Ce passage peut raconter une histoire simple : une bande de potes fume un joint, le narrateur raconte ses pensées avant de gerber. Pourtant les mentions de la terre, de la perspective et des sillons, remettent la scène dans le jeu d’un rapport au monde plus profond ; la présence des corbeaux rappelle un certain nombre de topoï poétiques, bien qu’à distance. (Juste avant cette scène, avant de fumer un joint, la bande de potes est en train de lire à haute voix des poèmes de Verlaine.) La rupture de syntaxe, dans les vers consacrés aux mains, épouse la rupture d’équilibre. Le vers tourneboule comme l’instance lyrique.

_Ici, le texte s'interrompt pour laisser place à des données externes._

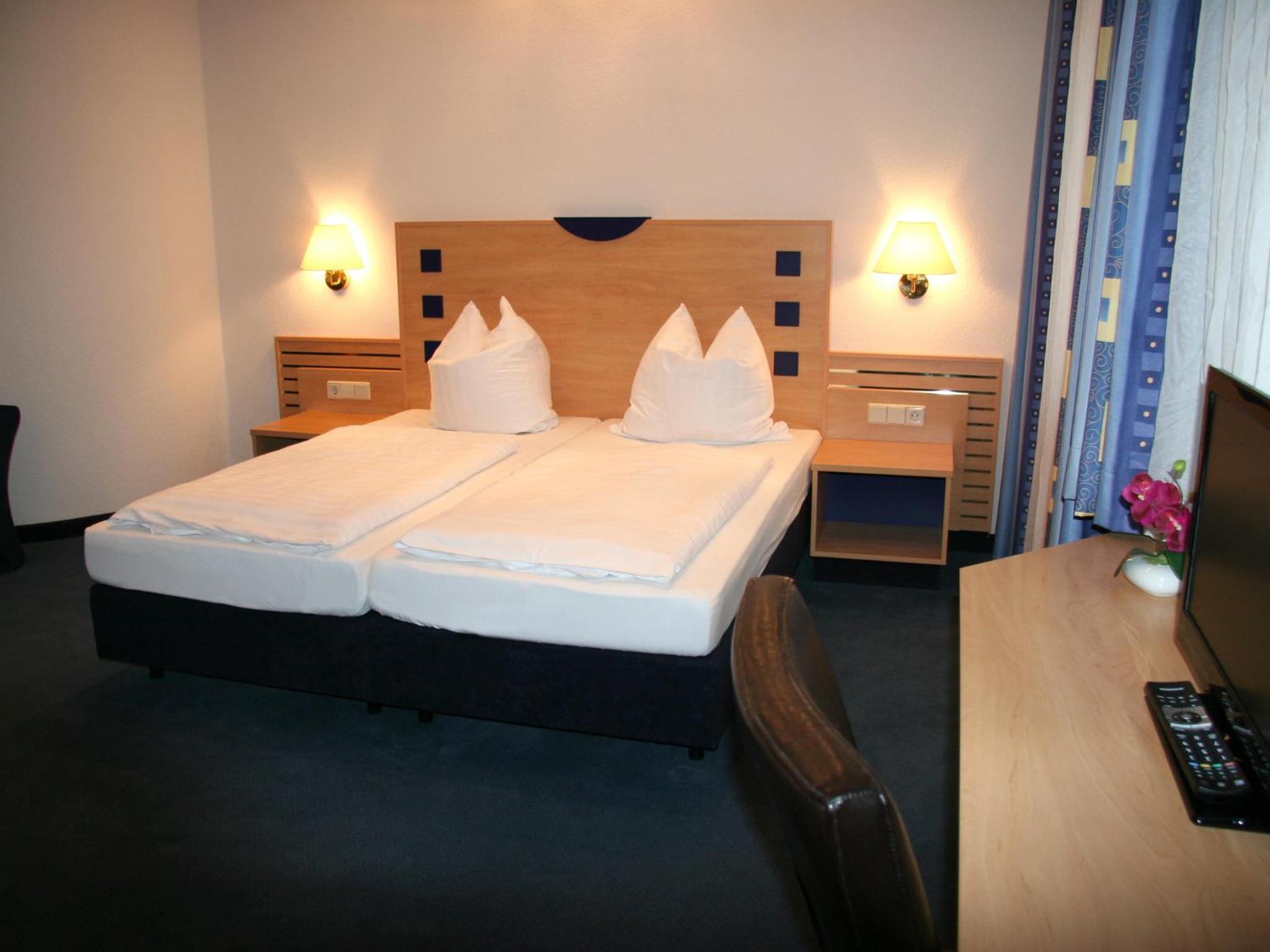 Standard Double Room photo 2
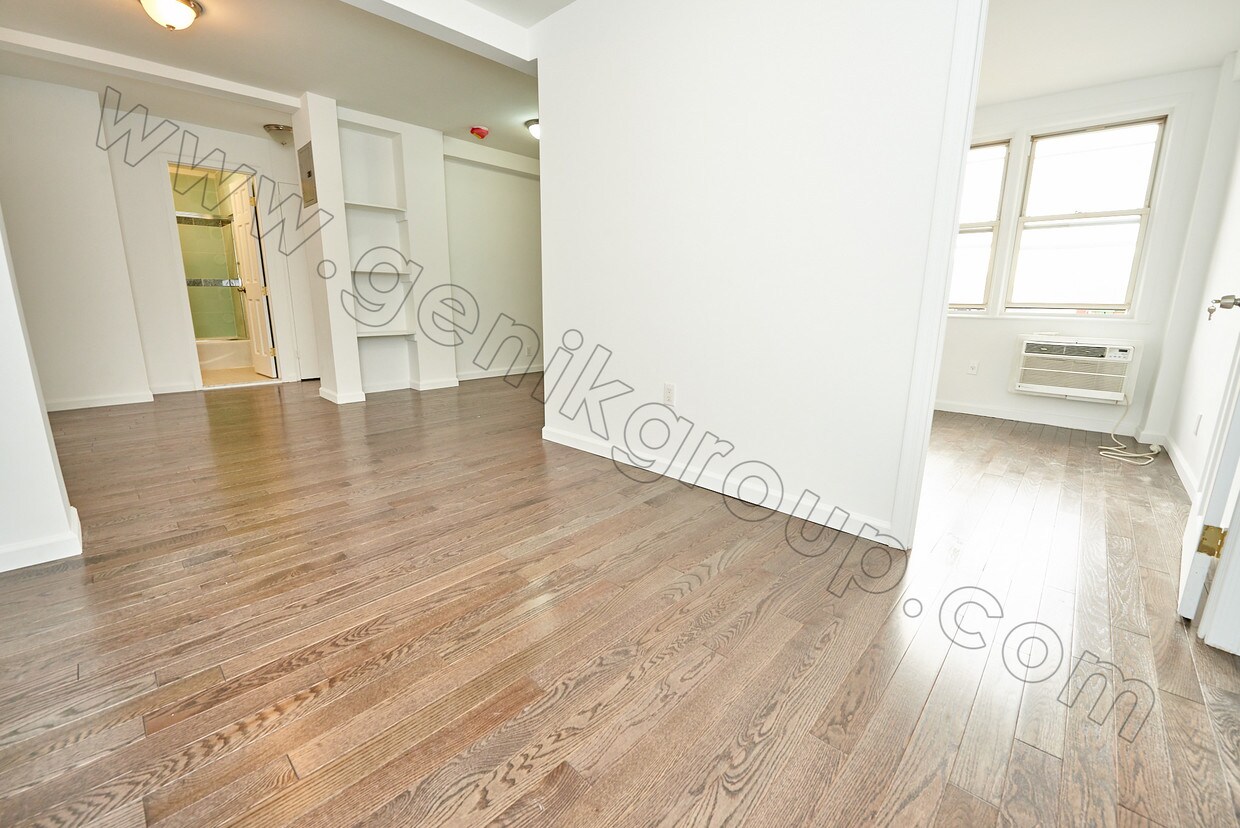 50 Bayard St, New York, NY 10013 Apartments in New York, NY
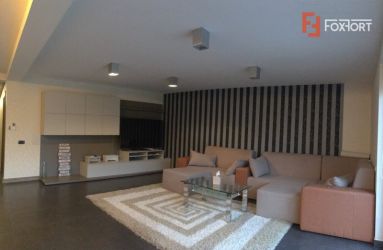 Apartament cu 3 camera, decomandat, de vanzare, zona Lipovei
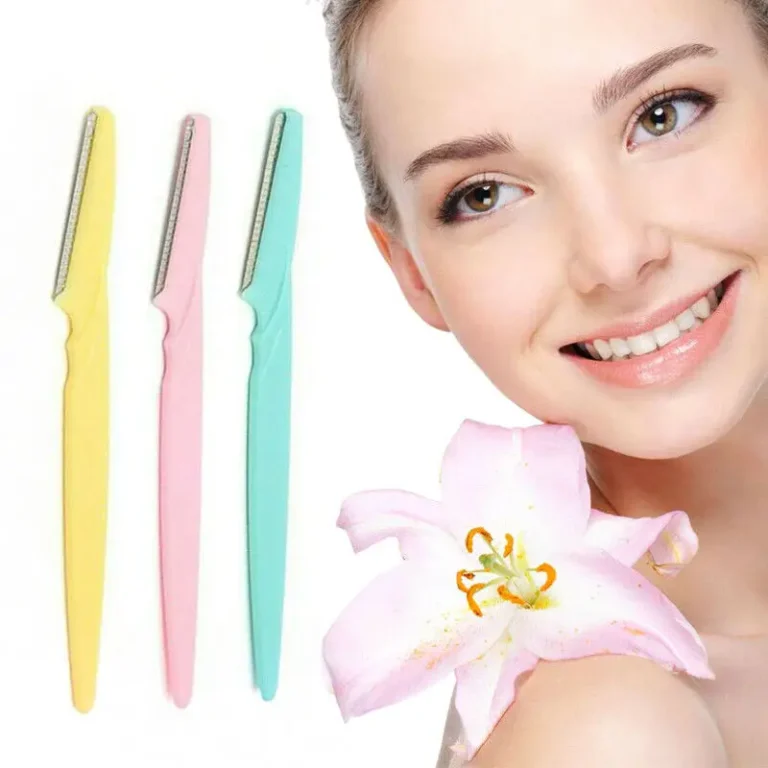 Eyebrow shaper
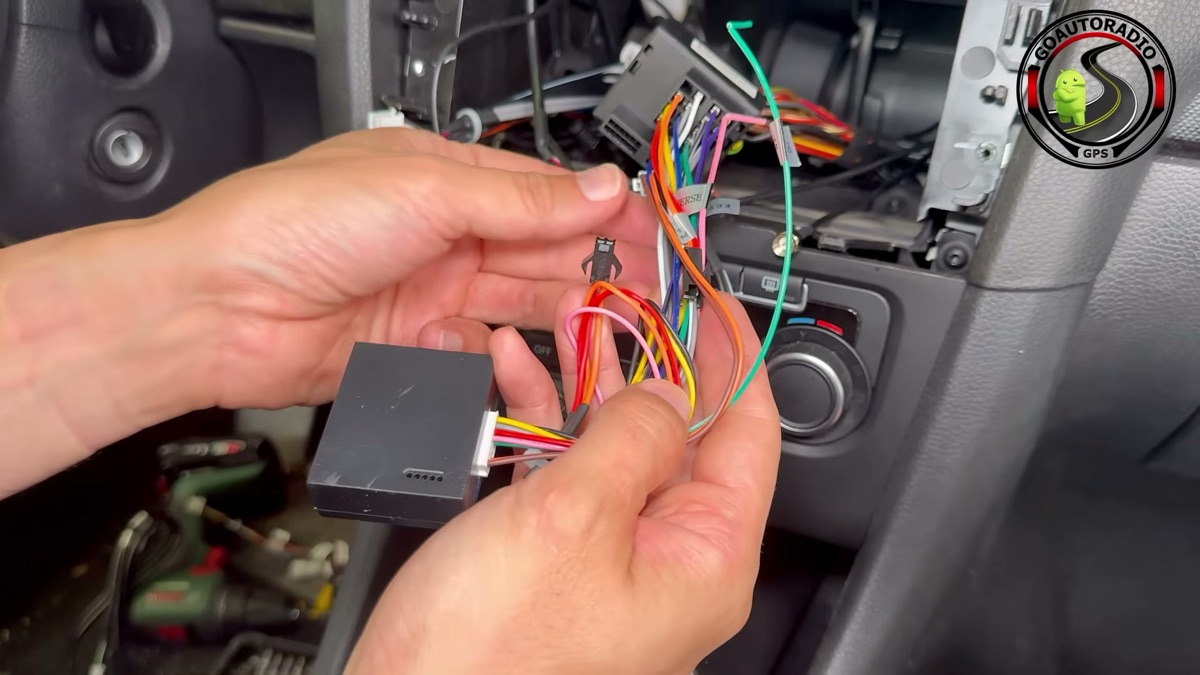 Autoradio Android Golf 6 - câble bleu 12V antenne radio
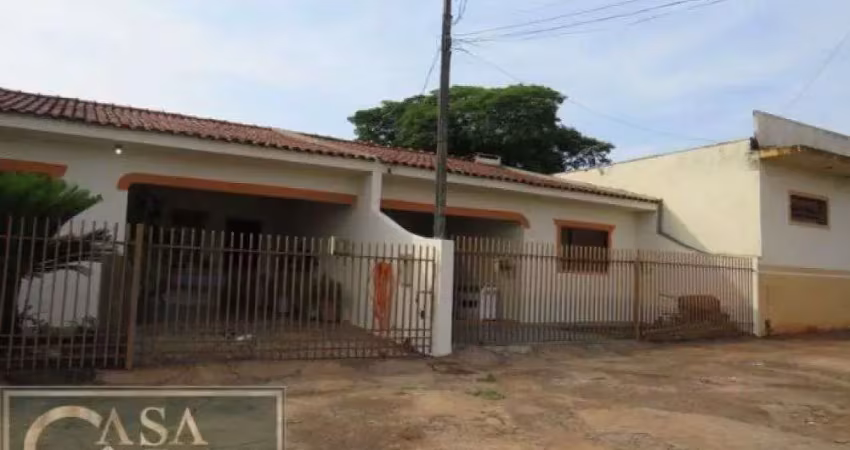 Casa com 2 quartos à venda na Rua Almerinda Silveira Coelho, 19513, Parque Hortência, Maringá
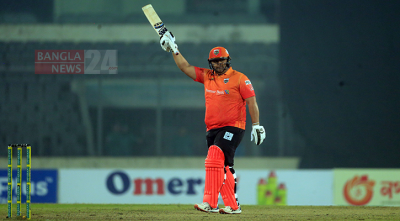 আজম খানের বিধ্বংসী সেঞ্চুরিতে খুলনার বড় সংগ্রহ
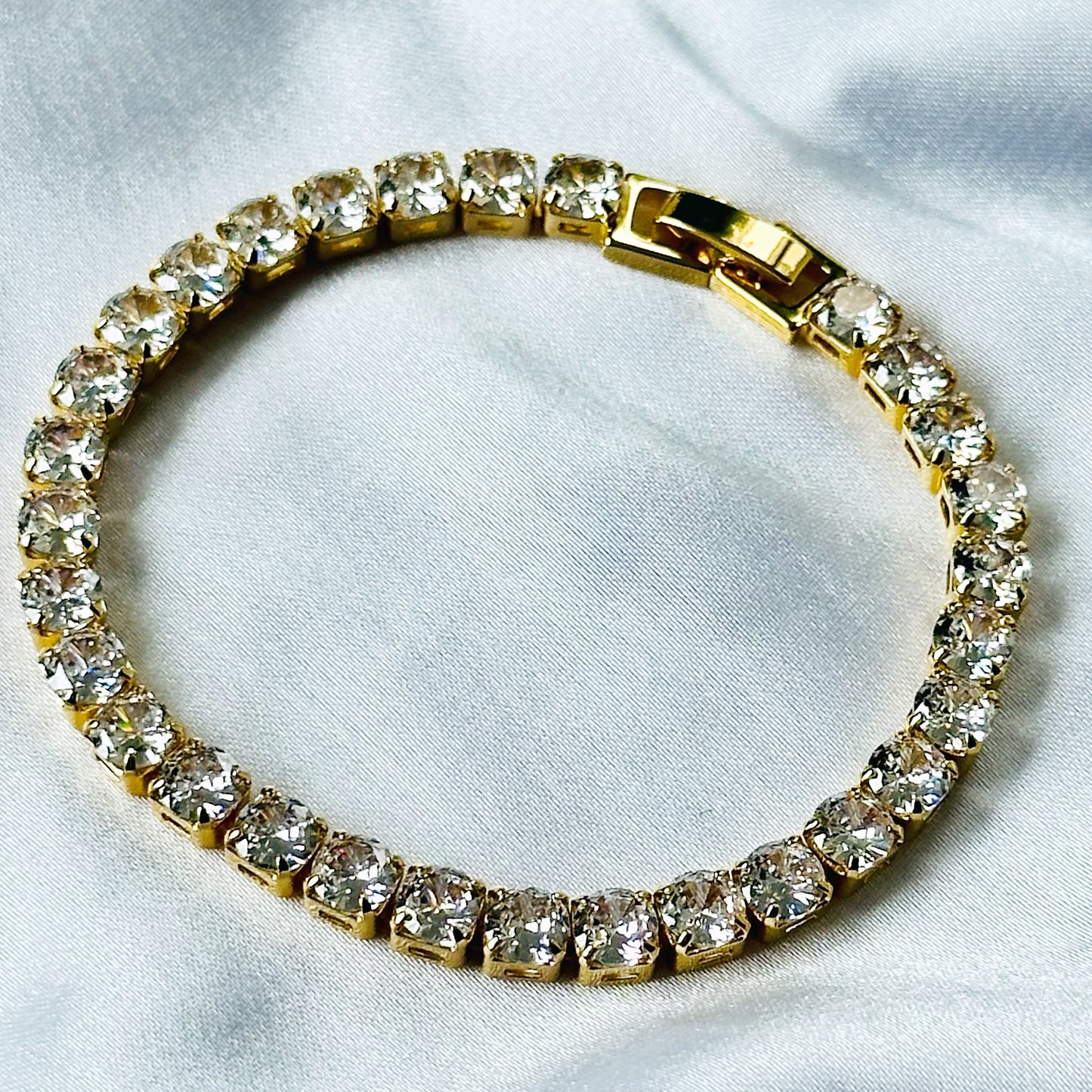 Solitaire Cubic Zirconia American Diamond Gold Plated Tennis Bracelet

Difficile de ne pas voir, dans les échos, les arcs, la dérive, les sillons, quelque chose de métapoétique ; et pourtant cela reste une scène entièrement familière. L’alerte en majuscule nous ramène au réel, à la dimension malséante : le vomi va sortir. La conclusion est paradoxale : il n’y a eu ni vomi, ni parole, personne n’a crié ni entendu, d’ailleurs la syntaxe est là aussi déconstruite et épouse l’échec de la transmission. C’est le paradoxe qui est laissé au lecteur : ai-je lu une scène sur une bande d’ados qui fumait un joint ? Un apologue en forme d’art poétique ? Une blague pour intellos, le genre de celles qu’on fait entre anciens lycéens qui fumaient des joints en lisant du Verlaine et font désormais, dans leurs poèmes et leurs critiques, semblant d’être des gens sérieux ? Tout cela, et évidemment plus.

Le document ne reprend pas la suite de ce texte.